Felt is a textile material that is produced by matting, condensing and pressing fibers together. Felt can be made of natural fibers such as wool or animal fur, or from synthetic fibers such as petroleum-based acrylic or acrylonitrile or wood pulp–based rayon. Blended fibers are also common. Natural fibre felt has special properties that allow it to be used for a wide variety of purposes. "It is fire-retardant and self-extinguishing; it dampens vibration and absorbs sound; and it can hold large amounts of fluid without feeling wet..."

History

Felt from wool is one of the oldest known textiles. Many cultures have legends as to the origins of felt making. Sumerian legend claims that the secret of feltmaking was discovered by Urnamman of Lagash. The story of Saint Clement and Saint Christopher relates that the men packed their sandals with wool to prevent blisters while fleeing from persecution. At the end of their journey, the movement and sweat had turned the wool into felt socks.

Most likely felt's origins can be found in central Asia, where there is evidence of feltmaking in Siberia (Altai mountains) in Northern Mongolia and more recently evidence dating back to the first century AD in Mongolia. Siberian tombs (7th to 2nd century BC) show the broad uses of felt in that culture, including clothing, jewelry, wall hangings, and elaborate horse blankets. Employing careful color use, stitching, and other techniques, these feltmakers were able to use felt as an illustrative and decorative medium on which they could depict abstract designs and realistic scenes with great skill. Over time these makers became known for the beautiful abstract patterns they used that were derived from plant, animal, and other symbolic designs.

From Siberia and Mongolia, feltmaking spread across the areas held by the Turkic-Mongolian tribes. Sheep and camel herds were central to the wealth and lifestyle of these tribes, both of which were critical to producing the fibers needed for felting. As nomads traveling frequently and living on fairly treeless plains, felt provided housing (yurts, tents, etc.), insulation, floor coverings, and inside walling, as well as many household necessities from bedding and coverings to clothing. In nomadic peoples, an area where feltmaking was particularly visible was in trappings for their animals and for travel. Felt was often featured in the blankets that went under saddles.

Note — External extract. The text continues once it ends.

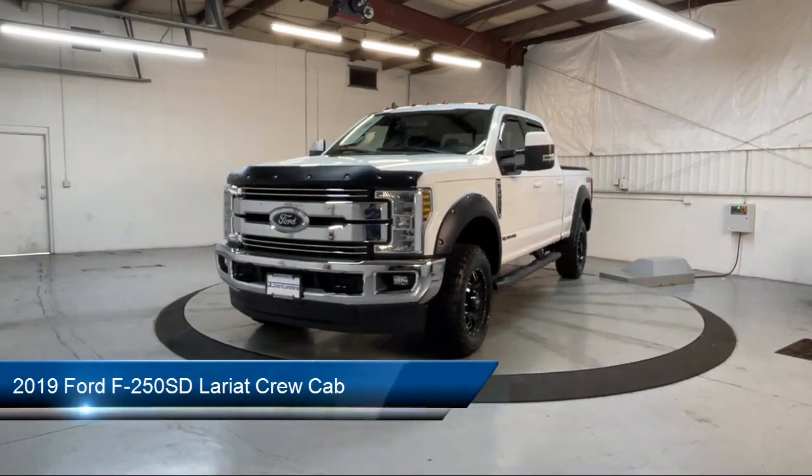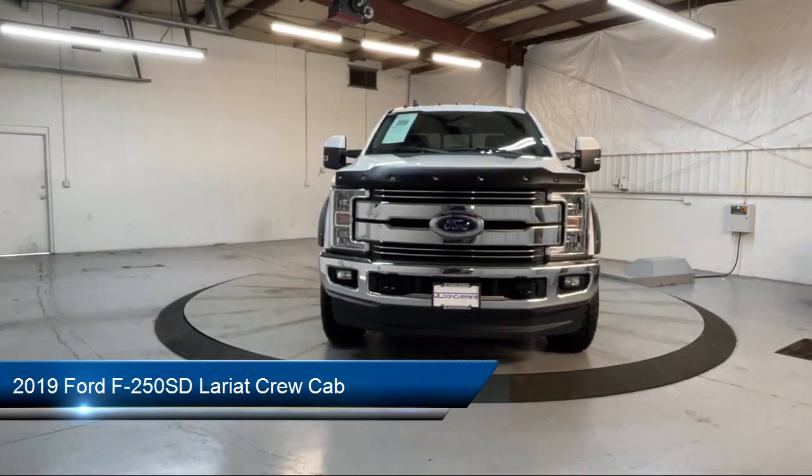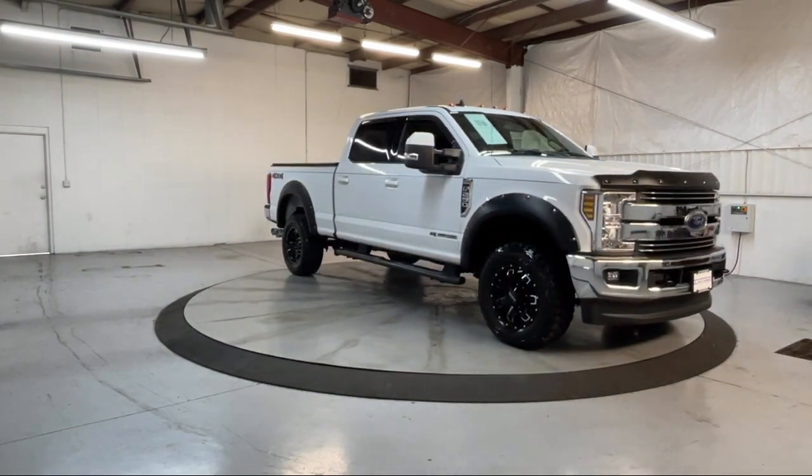It comes equipped with FordPass Connect, Keyless Entry, Sirius XM Satellite Radio, Bang & Olufsen Premium Audio, Heated Door Mirrors, Chrome Pumpers, and Rear View Camera.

Dyes provided rich coloring, and colored slices of pre-felts (semi-felted sheets that could be cut in decorative ways), along with dyed yarns and threads were combined to create beautiful designs on the wool backgrounds. Felt was even used to create totems and amulets with protective functions. In traditional societies, the patterns embedded in the felt were also imbued with significant religious and symbolic meaning.

Feltmaking is still practised by nomadic peoples (such as Mongols and Turkic people) in Central Asia, where rugs, tents and clothing are regularly made. Some of these are traditional items, such as the classic yurt (Gers), while others are designed for the tourist market, such as decorated slippers. In the Western world, felt is widely used as a medium for expression in both textile art and contemporary art and design, where it has significance as an ecologically responsible textile and building material.

In addition to Central Asian traditions of felting, Scandinavian countries have also supported feltmaking, particularly for clothing.

Manufacturing methods

Wet felting

In the wet felting process, hot water is applied to layers of animal hairs, while repeated agitation and compression causes the fibers to hook together or weave together into a single piece of fabric. Wrapping the properly arranged fiber in a sturdy, textured material, such as a bamboo mat or burlap, will speed up the felting process. The felted material may be finished by fulling.

Only certain types of fiber can be wet felted successfully. Most types of fleece, such as those taken from the alpaca or the Merino sheep, can be put through the wet felting process. One may also use mohair (goat), angora (rabbit), or hair from rodents such as beavers and muskrats. These types of fiber are covered in tiny scales, similar to the scales found on a strand of human hair. Heat, motion, and moisture of the fleece causes the scales to open, while agitating them causes them to latch onto each other, creating felt. There is an alternative theory that the fibers wind around each other during felting. Plant fibers and synthetic fibers will not wet felt.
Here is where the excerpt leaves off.